11 Ekim 2024

Cumhurbaşkanımız, güncel olaylar…

AKP’li arkadaşlar, geçmiş Türk siyasetçilerden daha mı akıllı, daha mı tahsilli, daha mı görgülü, daha mı global görebilen, hareket edebilen insanlarmış da 70 yıl sonra nükleer santral kurmaya kalkmışlar?.. Kendileri, karar versin, cevaplasınlar

Cumhurbaşkanı ve AKP Genel Başkanı Recep Tayyip Erdoğan

Okuyucularım bilir ben “eski okul” bir insanım, geleneklerimize ve devlet büyüklerine hep saygılıyım.

Ancak, köşe yazarlığı fonksiyonumu yerine getirebilmek için kibarca, asla hakaret etmeden kritik etmeliyim ki bir fayda sağlasın. İşler berbat eden kişileri methiyeler düzmek, işlerin daha da sarpa sarmasını sağlar…
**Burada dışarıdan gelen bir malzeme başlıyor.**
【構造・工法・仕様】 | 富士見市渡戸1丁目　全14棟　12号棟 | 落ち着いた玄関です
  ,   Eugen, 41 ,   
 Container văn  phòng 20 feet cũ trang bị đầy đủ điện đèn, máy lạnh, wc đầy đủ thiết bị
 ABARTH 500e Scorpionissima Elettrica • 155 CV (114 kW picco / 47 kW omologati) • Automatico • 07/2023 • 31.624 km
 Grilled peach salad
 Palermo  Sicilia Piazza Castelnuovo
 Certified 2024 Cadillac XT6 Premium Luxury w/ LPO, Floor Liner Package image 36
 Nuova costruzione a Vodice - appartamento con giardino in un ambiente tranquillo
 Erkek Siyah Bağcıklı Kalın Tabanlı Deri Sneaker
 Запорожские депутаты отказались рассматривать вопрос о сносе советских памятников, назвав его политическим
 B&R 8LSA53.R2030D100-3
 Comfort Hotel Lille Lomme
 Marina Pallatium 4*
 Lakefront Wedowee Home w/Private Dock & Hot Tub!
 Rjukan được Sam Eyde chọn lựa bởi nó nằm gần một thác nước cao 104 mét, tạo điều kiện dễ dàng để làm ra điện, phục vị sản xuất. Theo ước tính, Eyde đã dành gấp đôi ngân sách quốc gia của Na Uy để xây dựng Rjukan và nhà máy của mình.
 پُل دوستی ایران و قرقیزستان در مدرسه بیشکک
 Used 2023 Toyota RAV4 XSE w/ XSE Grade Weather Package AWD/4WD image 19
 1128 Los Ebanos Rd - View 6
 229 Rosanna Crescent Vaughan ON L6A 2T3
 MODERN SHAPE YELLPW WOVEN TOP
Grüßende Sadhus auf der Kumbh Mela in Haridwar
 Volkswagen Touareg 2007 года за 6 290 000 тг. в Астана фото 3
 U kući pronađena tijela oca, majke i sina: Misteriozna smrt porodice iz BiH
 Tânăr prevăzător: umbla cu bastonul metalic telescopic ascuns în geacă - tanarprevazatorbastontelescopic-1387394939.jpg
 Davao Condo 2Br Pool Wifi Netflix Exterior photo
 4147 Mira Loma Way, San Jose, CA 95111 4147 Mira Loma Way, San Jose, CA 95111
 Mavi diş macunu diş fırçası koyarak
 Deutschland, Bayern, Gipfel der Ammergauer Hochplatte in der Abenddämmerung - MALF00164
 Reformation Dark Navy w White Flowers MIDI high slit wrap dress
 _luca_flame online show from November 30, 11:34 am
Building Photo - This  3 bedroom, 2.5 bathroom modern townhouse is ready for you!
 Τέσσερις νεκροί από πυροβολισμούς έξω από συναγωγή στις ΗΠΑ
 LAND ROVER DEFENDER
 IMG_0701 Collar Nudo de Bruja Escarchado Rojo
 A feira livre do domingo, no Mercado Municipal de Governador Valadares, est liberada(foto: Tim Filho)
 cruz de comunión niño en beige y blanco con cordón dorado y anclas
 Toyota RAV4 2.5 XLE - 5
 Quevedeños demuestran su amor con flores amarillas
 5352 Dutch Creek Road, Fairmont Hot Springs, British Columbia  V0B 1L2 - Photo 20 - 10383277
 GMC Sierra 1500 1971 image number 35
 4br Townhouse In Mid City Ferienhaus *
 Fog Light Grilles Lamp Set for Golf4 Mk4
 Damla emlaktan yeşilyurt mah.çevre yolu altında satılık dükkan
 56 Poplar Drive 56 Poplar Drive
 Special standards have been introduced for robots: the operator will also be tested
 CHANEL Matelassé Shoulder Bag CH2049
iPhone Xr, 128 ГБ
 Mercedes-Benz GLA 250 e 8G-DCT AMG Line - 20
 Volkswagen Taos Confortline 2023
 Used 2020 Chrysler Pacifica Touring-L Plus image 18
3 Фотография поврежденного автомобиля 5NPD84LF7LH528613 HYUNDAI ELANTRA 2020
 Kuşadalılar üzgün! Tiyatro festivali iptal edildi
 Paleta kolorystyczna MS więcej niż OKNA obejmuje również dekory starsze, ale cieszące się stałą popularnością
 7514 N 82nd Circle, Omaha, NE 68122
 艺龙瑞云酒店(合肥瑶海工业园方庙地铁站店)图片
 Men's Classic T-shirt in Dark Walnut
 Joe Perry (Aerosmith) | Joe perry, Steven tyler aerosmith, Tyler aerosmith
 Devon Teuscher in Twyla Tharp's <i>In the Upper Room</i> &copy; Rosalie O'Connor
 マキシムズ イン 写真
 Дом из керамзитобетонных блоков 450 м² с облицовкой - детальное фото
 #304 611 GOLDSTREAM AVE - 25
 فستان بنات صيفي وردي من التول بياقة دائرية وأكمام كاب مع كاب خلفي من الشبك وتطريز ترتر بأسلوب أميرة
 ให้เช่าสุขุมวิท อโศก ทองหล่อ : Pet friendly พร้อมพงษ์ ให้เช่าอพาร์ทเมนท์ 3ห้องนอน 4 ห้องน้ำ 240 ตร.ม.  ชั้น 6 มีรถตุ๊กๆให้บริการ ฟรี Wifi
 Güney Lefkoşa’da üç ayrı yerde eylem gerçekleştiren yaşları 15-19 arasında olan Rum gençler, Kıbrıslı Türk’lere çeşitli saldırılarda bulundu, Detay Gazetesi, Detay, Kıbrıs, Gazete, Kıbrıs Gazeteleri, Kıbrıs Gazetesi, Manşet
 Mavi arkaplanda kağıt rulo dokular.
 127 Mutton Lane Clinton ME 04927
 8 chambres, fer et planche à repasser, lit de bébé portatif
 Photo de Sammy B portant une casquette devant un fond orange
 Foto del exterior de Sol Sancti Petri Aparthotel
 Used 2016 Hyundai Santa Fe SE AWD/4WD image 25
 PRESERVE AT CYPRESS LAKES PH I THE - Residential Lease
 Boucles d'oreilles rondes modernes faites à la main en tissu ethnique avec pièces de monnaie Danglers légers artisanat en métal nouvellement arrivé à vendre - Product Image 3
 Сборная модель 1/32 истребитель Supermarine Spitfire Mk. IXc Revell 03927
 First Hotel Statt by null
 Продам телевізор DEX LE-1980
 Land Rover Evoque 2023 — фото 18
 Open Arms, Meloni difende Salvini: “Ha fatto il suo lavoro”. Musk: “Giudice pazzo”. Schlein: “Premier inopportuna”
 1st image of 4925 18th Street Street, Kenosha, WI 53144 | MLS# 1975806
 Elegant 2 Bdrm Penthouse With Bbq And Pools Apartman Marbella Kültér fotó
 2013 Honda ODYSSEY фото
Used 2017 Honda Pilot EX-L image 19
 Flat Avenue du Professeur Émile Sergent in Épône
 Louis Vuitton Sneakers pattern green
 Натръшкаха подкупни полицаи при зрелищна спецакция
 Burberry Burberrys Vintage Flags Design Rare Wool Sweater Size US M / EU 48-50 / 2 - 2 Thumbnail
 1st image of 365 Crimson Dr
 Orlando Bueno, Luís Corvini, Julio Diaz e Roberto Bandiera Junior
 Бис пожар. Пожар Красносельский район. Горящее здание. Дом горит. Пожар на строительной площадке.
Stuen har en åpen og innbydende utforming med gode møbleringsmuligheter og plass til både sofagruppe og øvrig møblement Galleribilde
Cumhurbaşkanları milletleri temsilen devletleri yönetirler. Yani “devlet” başkanlığı tevarüs edilmiş bir hak değildir. Karşılığında maaş alınan bir görevdir. Kişisel bir hak da olmamalıdır. Çünkü 85 milyon insanı temsilen karar alıp uyguluyorsunuz. Seçilirken yapacaklarınızın özetini, ruhunu, seçmene anlatıyorsunuz; onlar da anlıyorlar ve sizi ya seçiyorlar ya da seçmiyorlar.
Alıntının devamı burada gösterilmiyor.